Trains have always been pretty cool, but they were the bomb in the late 1800s, an equivalent of fast cars, jets, rockets and the internet today. It was his first contact with the life of the working class and it made a huge impression.

When depression hit in the early 1870s, he returned to Terra Haute and worked as a clerk for a grocery firm, which was quite a step down. But like many Americans of that century, and like the young Lincoln, he set upon the task of self improvement. He took night classes and joined the Occidental Literary Society, where he made his first efforts at public speaking.

In the mid-1870s, Debs became a charter member and recording secretary of the Terra Haute local of the Brotherhood of Locomotive Firemen, which at the time was more of a fraternal and insurance society than a union.
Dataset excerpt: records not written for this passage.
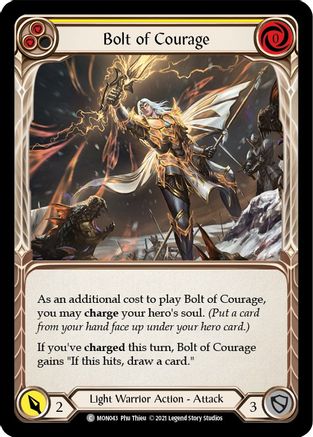 Bolt of Courage (Yellow) (MON043) - Monarch 1st Edition Rainbow Foil - Premium Flesh And Blood Single from Legend Story Studios - Just $0.08! Shop now at Game Crave Tournament Store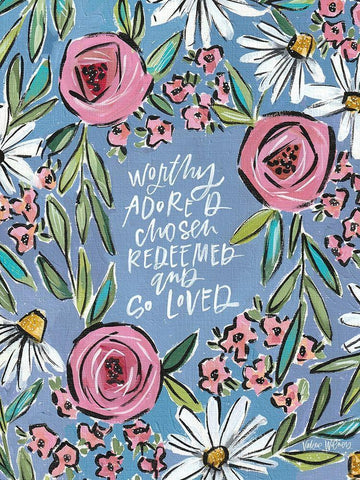 And So Loved White Modern Wood Framed Art Print with Double Matting by Wieners, Valerie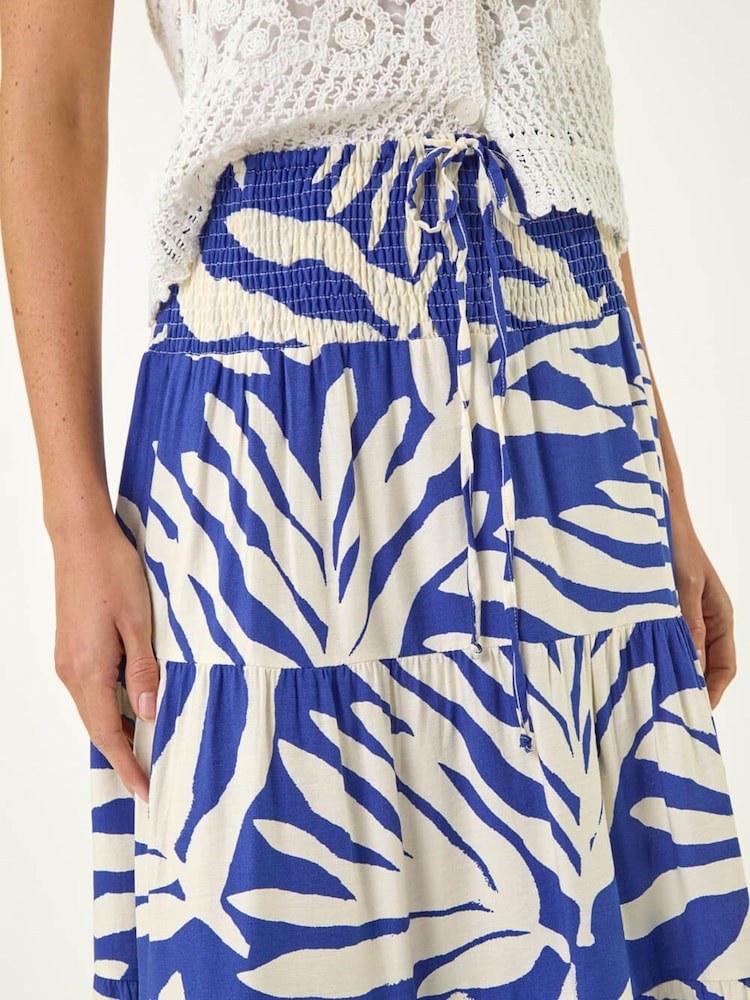 Roman Blue Mono Print Shirred Maxi Skirt - Image 5 of 5
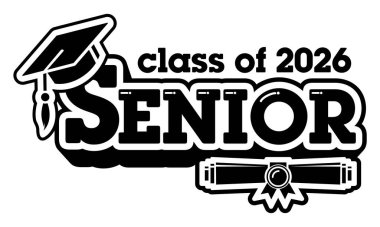 2026 Harf Sınıfı tebrik kartı, davetiye kartı. Mezuniyet tasarımı, kutlama etkinliği, tişört, parti, lise ya da üniversite mezuniyeti metni. Şeffaf arkaplanda vektör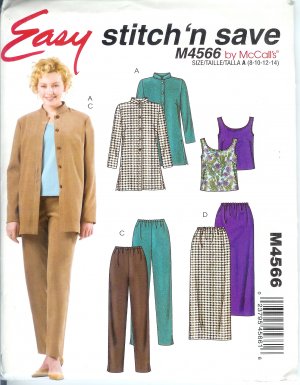 M4566 McCalls Pattern STITCH N SAVE Shirt-Jacket,Tank Top,Skirt, Pants Misses/Miss Petite Size  8-14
Its motto was Benevolence, Sobriety, Industry.

A key belief seemed to be that if working people conducted themselves with dignity and diligence, their employers would recognize this and reward them accordingly--a theory that would prove naive in the age of trusts and robber barons.

Still, Debs would stay with the BLF for nearly 20 years, eventually rising to prominence within its ranks.
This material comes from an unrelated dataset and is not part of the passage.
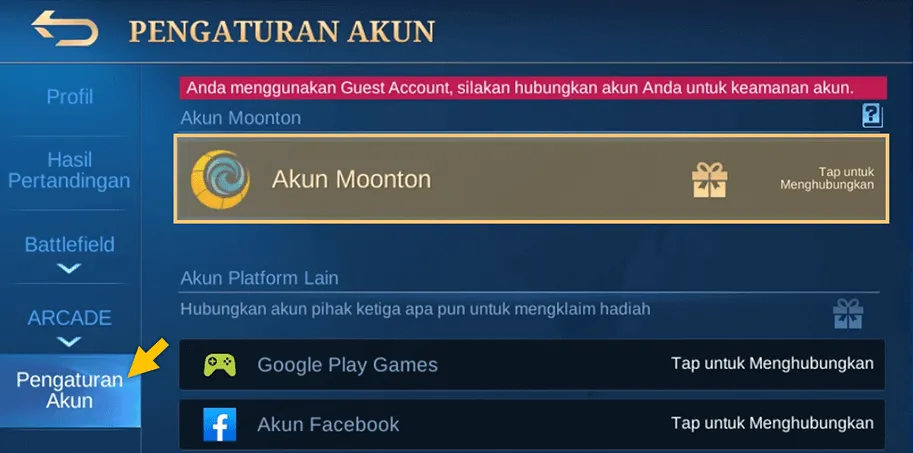 Menu Pengaturan Akun Mobile Legends
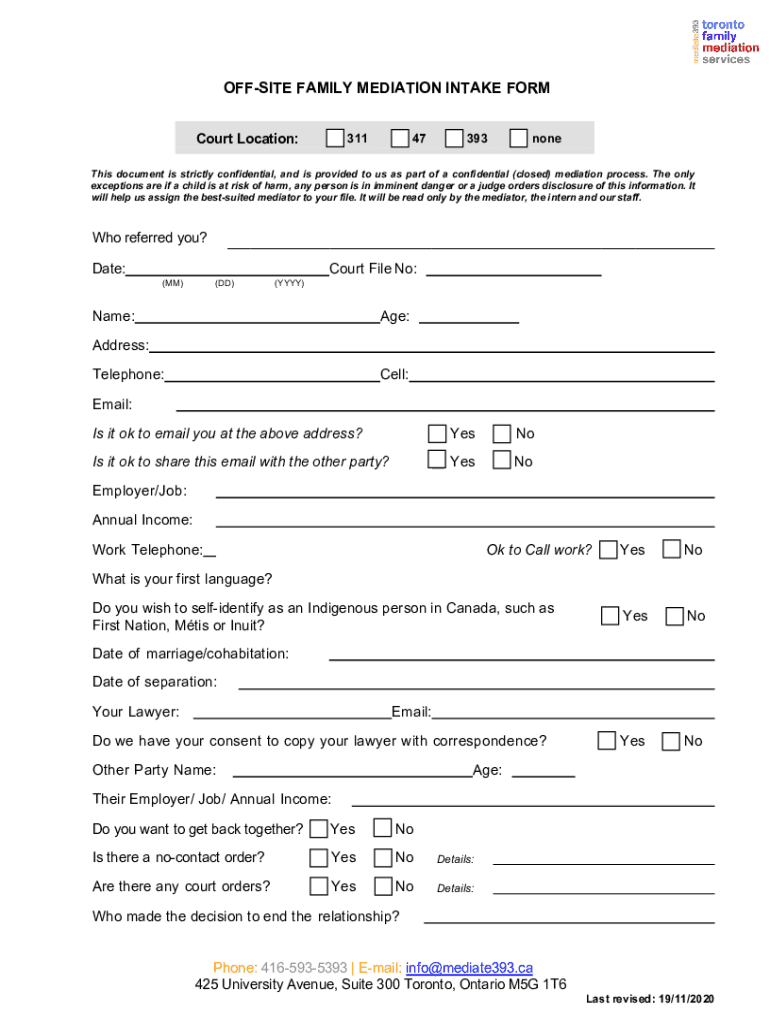 mediation intake form template Preview on Page 1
There was nothing in his early life that would indicate the making of a radical. If anything, here was another prairie success story in the making. But life had other plans, about which more tomorrow.

HEALTH CARE MESS. Yesterday's USA Today had an interesting item on the decline of employer-provided health insurance.

OUCH. Here's an item from the UK Guardian about the pain of globalization (they spelled it with an s).

HEADING SOUTH. More than one third of Americans are downwardly mobile these days.

HEADING NORTH. On the other hand, AP estimates the costs of current wars at $1.6 trillion.

GOAT ROPE ADVISORY LEVEL: ELEVATED

4 comments:

Anonymous said...

Just an "aside" question:
My dad's family had a few members who worked on the railroad; did John or Lettie? I don't recall any.....

El Cabrero said...

John was a miner, then a baker, then got killed at Carbide. I think some of his or her people worked on the railroad, including someone named Jim who used to live in Florida.

Anonymous said...

I know less about that side of the family than I do dad's actually, and don't know why. I did remember John's work history. Wonder if Lettie got any benefit from Carbide back in '47, or if she just got SS benefits. I doubt if mom knows anything about that.

El Cabrero said...

I think Carbide actually did provide at least some support to Lettie. Ask Jean about Uncle Jim who used to live in Florida. He was one of the railroad dudes.